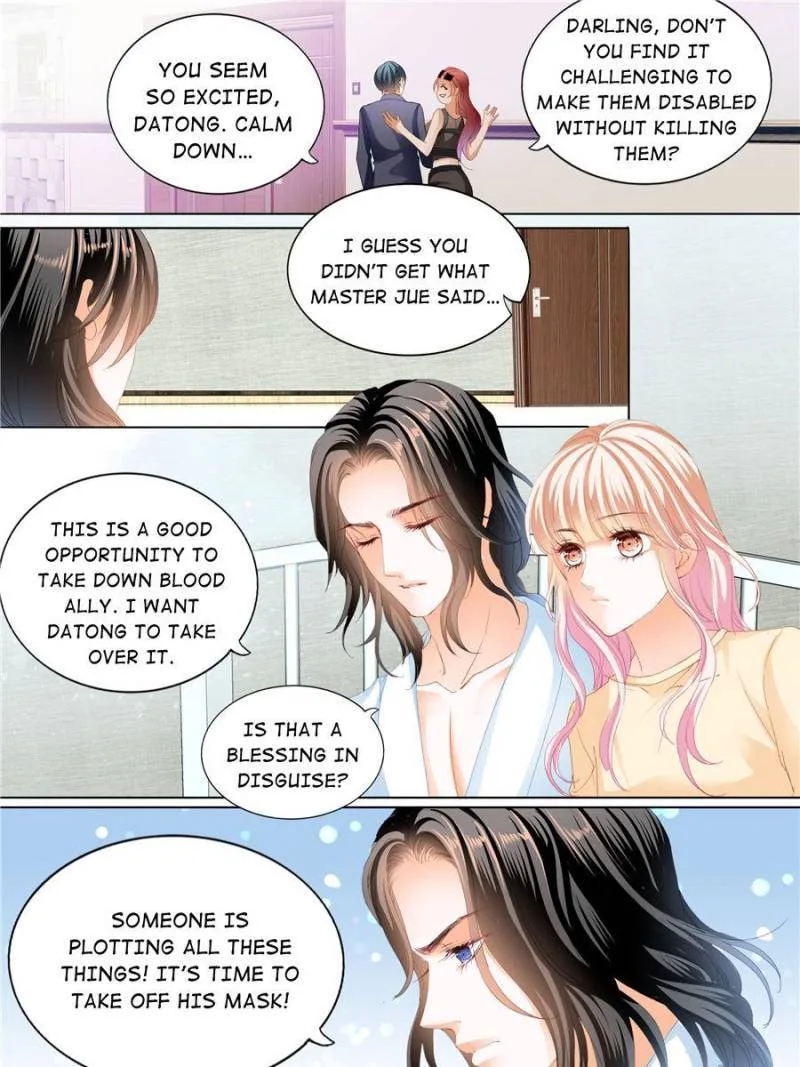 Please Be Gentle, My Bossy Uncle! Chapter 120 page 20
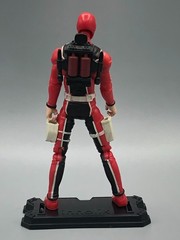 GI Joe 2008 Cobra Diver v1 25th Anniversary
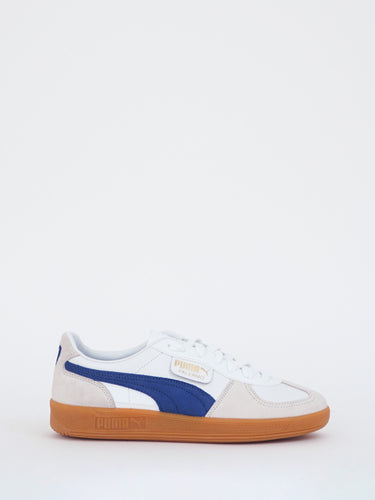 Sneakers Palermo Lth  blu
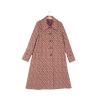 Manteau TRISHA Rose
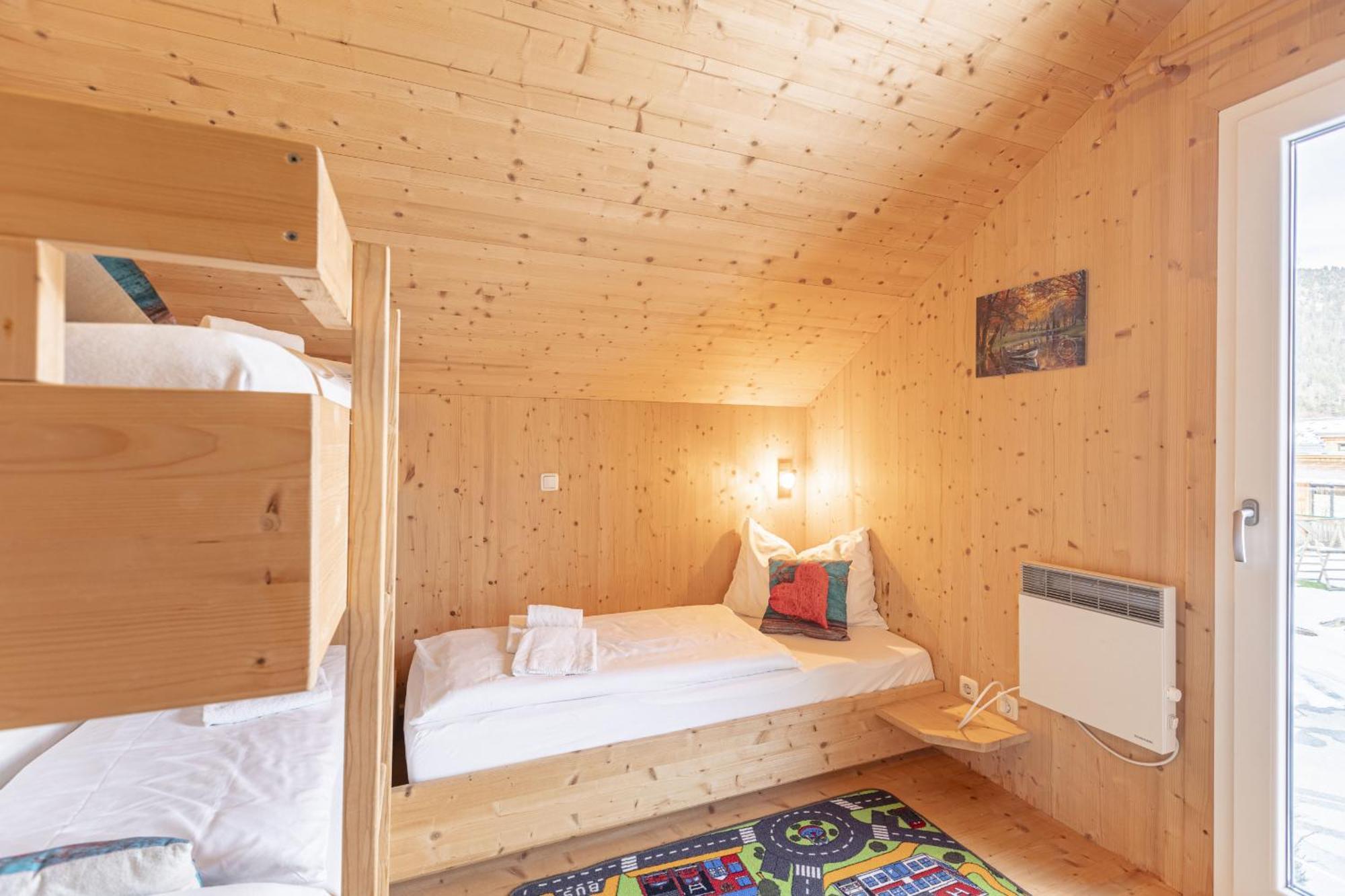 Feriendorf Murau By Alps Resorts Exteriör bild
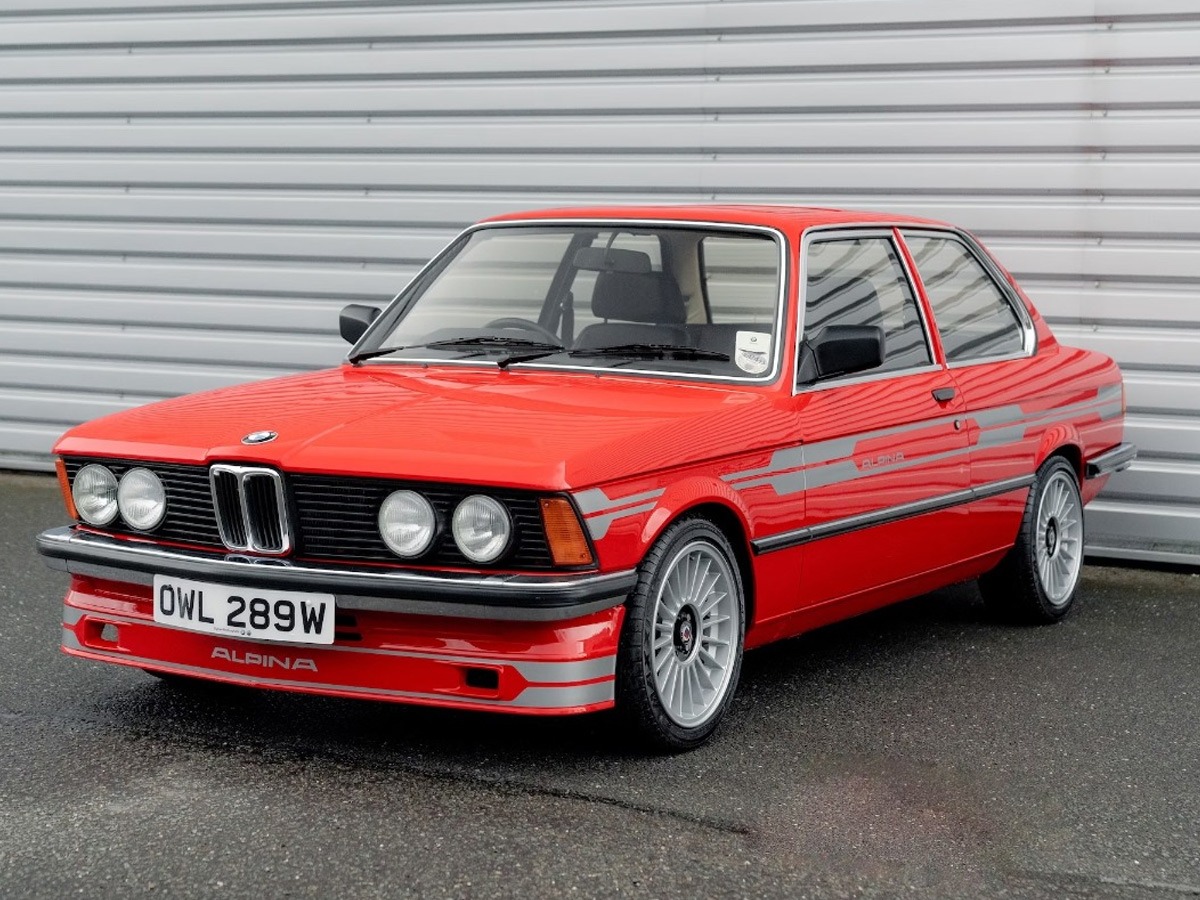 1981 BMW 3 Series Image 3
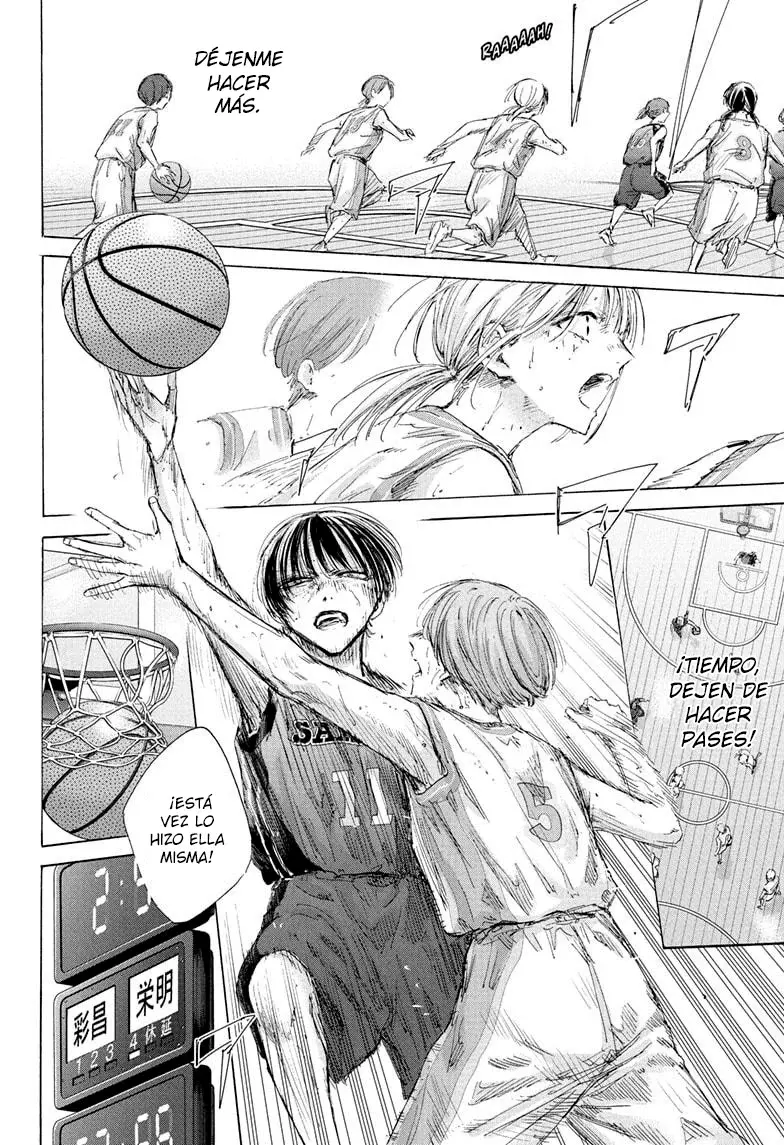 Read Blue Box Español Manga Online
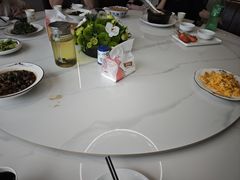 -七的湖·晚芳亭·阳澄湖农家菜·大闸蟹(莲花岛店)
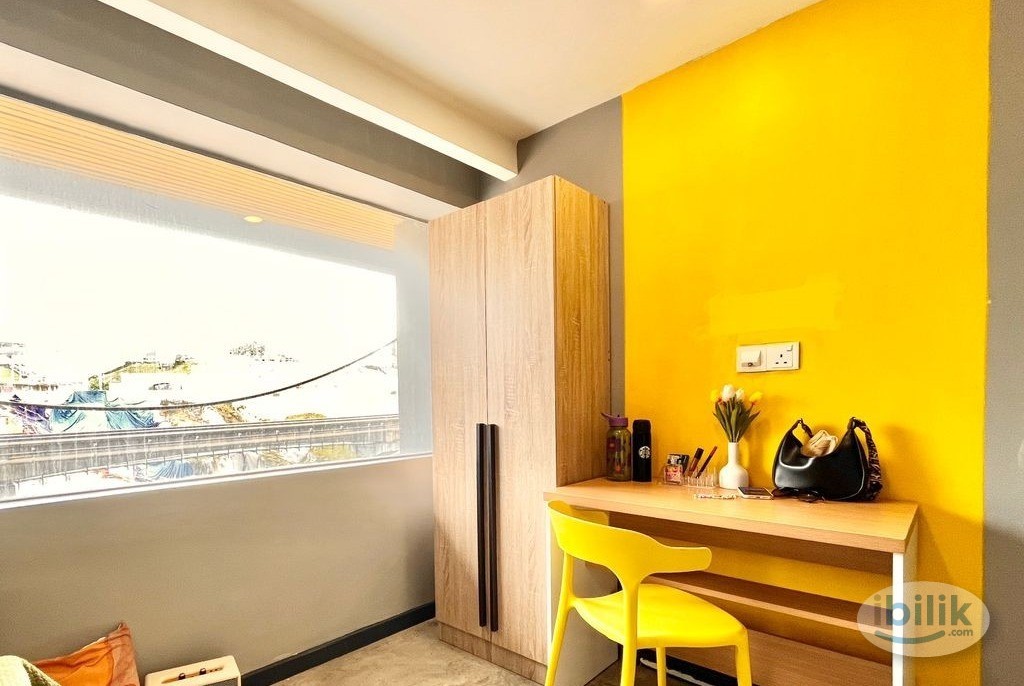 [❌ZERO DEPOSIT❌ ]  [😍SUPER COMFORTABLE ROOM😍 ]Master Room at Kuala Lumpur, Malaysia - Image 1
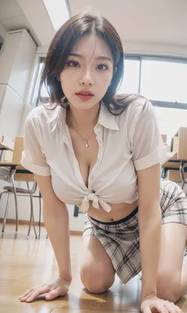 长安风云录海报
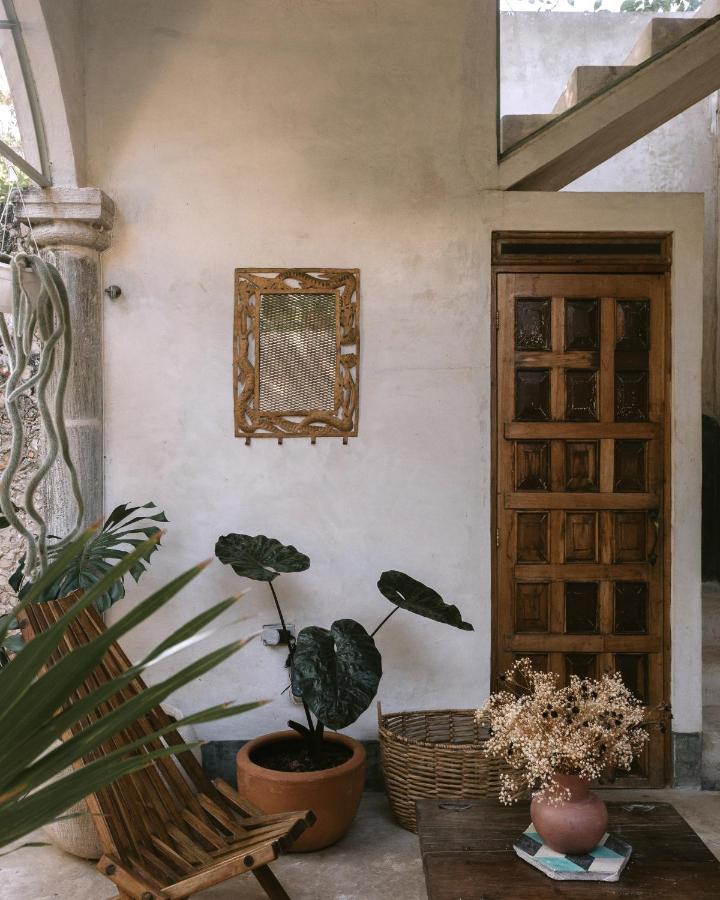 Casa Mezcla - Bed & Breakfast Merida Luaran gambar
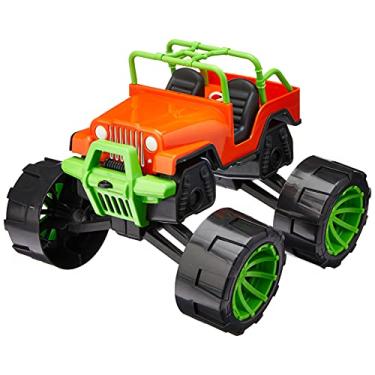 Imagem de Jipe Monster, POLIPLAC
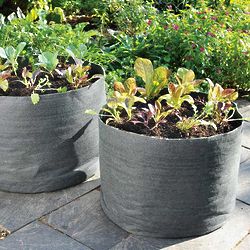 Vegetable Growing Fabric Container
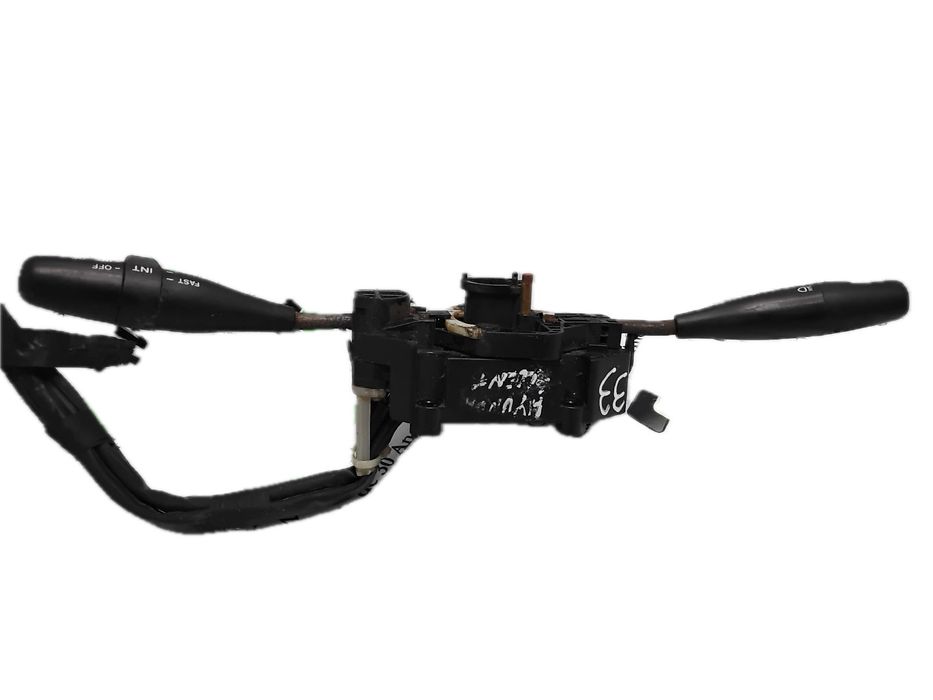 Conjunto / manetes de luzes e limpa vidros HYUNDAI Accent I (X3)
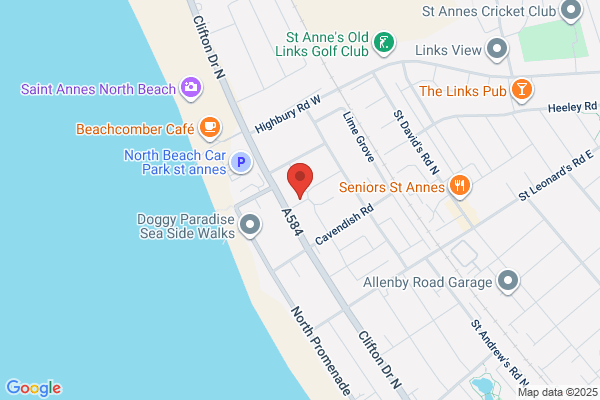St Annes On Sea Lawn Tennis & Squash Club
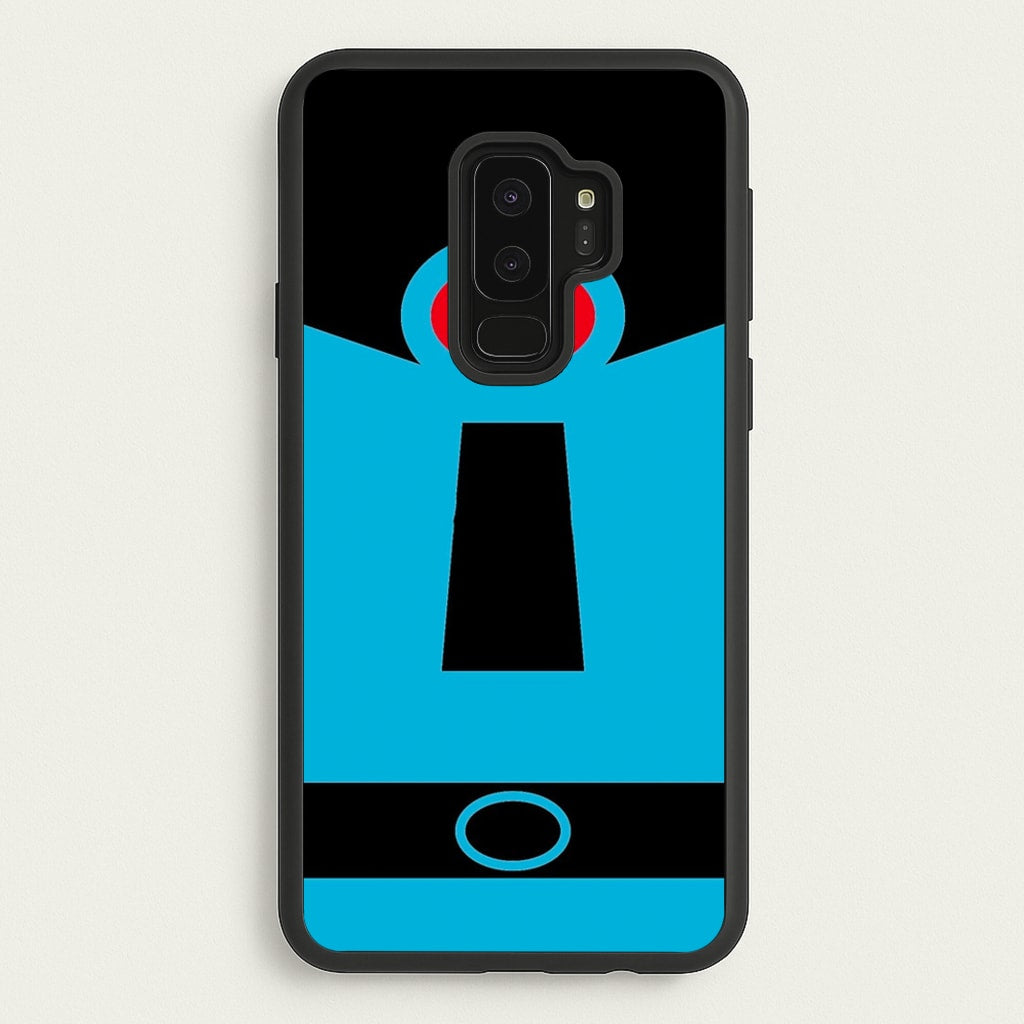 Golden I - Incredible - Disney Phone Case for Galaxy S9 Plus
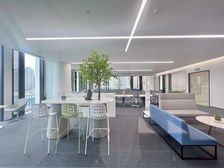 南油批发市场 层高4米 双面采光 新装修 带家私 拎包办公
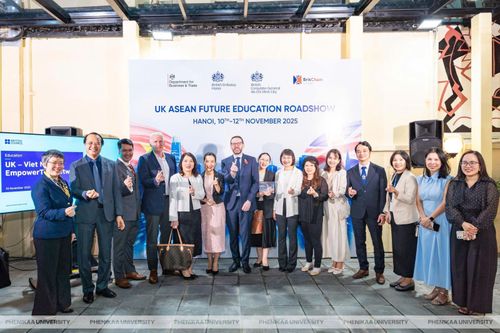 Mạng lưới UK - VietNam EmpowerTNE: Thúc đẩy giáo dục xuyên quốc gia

----

From the line containing "[❌ZERO DEPOSIT❌ ]" through the last line of the material above, write out each line exactly, leaving aside all pictures.

> _WRITTEN ANSWER_
 [❌ZERO DEPOSIT❌ ]  [😍SUPER COMFORTABLE ROOM😍 ]Master Room at Kuala Lumpur, Malaysia - Image 1
 长安风云录海报
 Casa Mezcla - Bed & Breakfast Merida Luaran gambar
 Imagem de Jipe Monster, POLIPLAC
 Vegetable Growing Fabric Container
 Conjunto / manetes de luzes e limpa vidros HYUNDAI Accent I (X3)
St Annes On Sea Lawn Tennis & Squash Club
 Golden I - Incredible - Disney Phone Case for Galaxy S9 Plus
 南油批发市场 层高4米 双面采光 新装修 带家私 拎包办公
 Mạng lưới UK - VietNam EmpowerTNE: Thúc đẩy giáo dục xuyên quốc gia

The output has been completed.